Work request: Begin at the line that holds "Tim Le El - Forward" and retype every line through the end of the material, both included. Leave out the pictures.

Material shown:

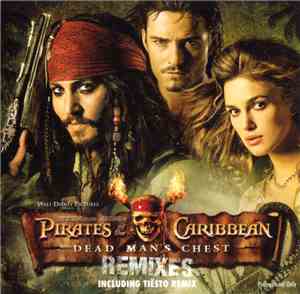 Pirates Of The Caribbean  - Dead Man's Chest (Remixes)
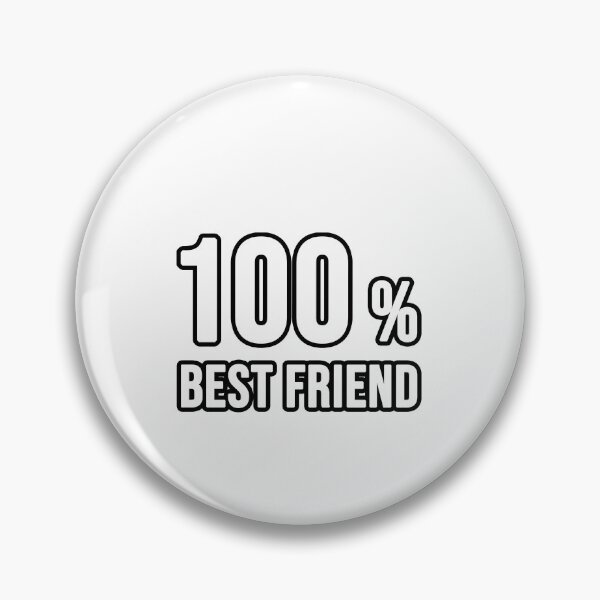 Item preview, 100% best friend designed and sold by TopsellerShirts.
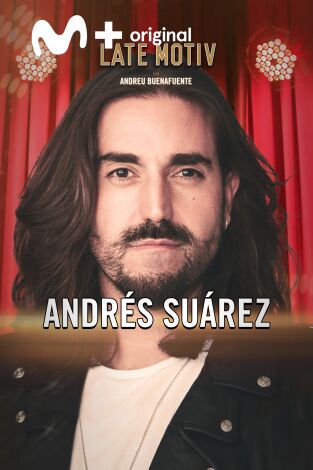 Late Motiv. T(T6). Late Motiv (T6): Andrés Suárez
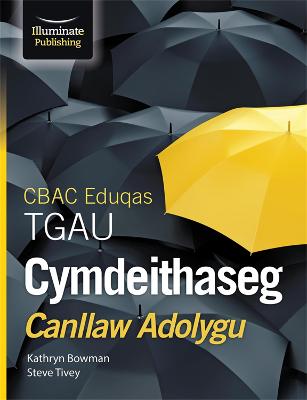 CBAC Eduqas TGAU Cymdeithaseg Canllaw Adolygu - Bowman, Kathryn, and Tivey, Steve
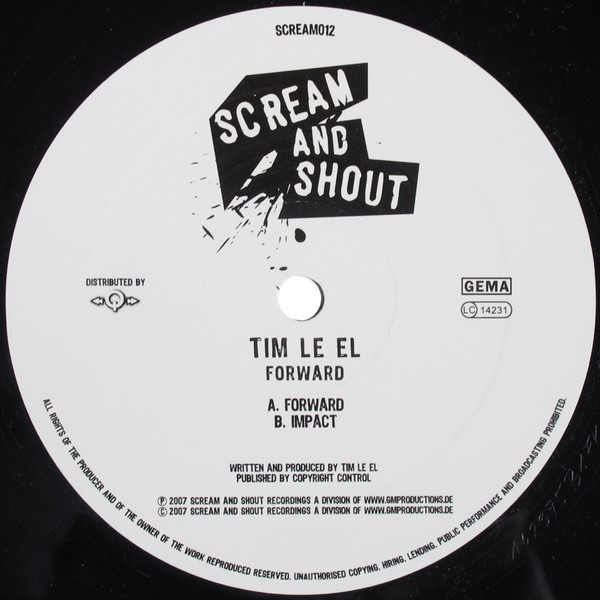 Tim Le El - Forward | Scream And Shout Recordings (SCREAM012)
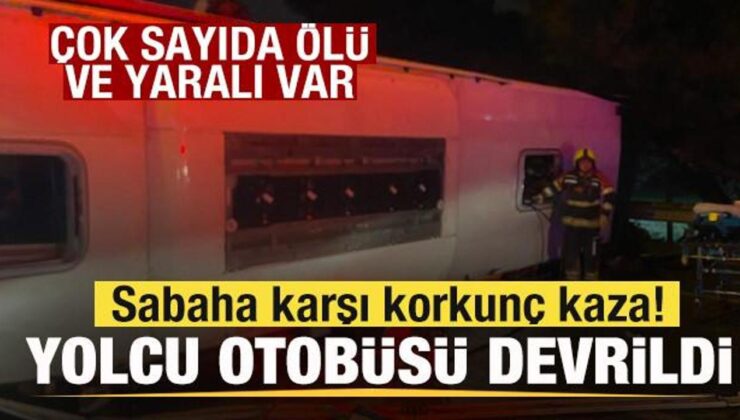 Sabaha karşı korkunç kaza! Yolcu otobüsü devrildi! Ölü ve çok sayıda yaralı var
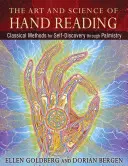 Sztuka i nauka czytania z ręki: Klasyczne metody samopoznania poprzez chiromancję - The Art and Science of Hand Reading: Classical Methods for Self-Discovery Through Palmistry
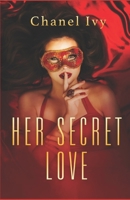 Her Secret Love B08CWJ8FJS Book Cover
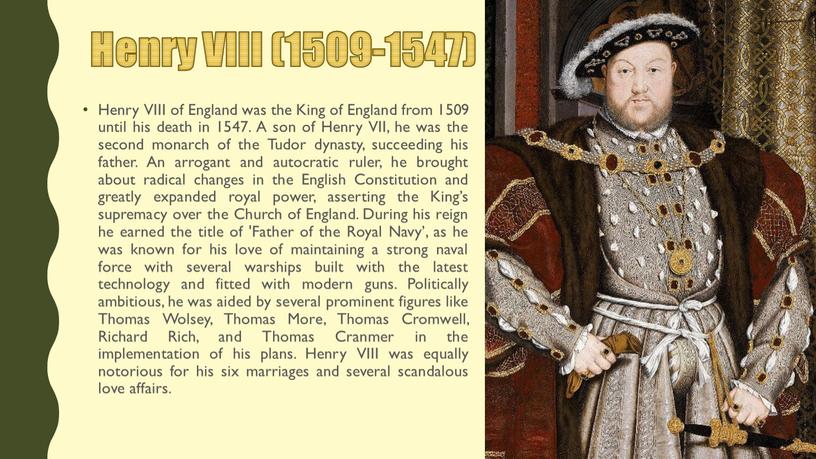 Henry VIII (1509-1547) Henry VIII of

Reply:
 Tim Le El - Forward | Scream And Shout Recordings (SCREAM012)
 Sabaha karşı korkunç kaza! Yolcu otobüsü devrildi! Ölü ve çok sayıda yaralı var
 Sztuka i nauka czytania z ręki: Klasyczne metody samopoznania poprzez chiromancję - The Art and Science of Hand Reading: Classical Methods for Self-Discovery Through Palmistry
 Her Secret Love B08CWJ8FJS Book Cover
 Henry VIII (1509-1547) Henry VIII of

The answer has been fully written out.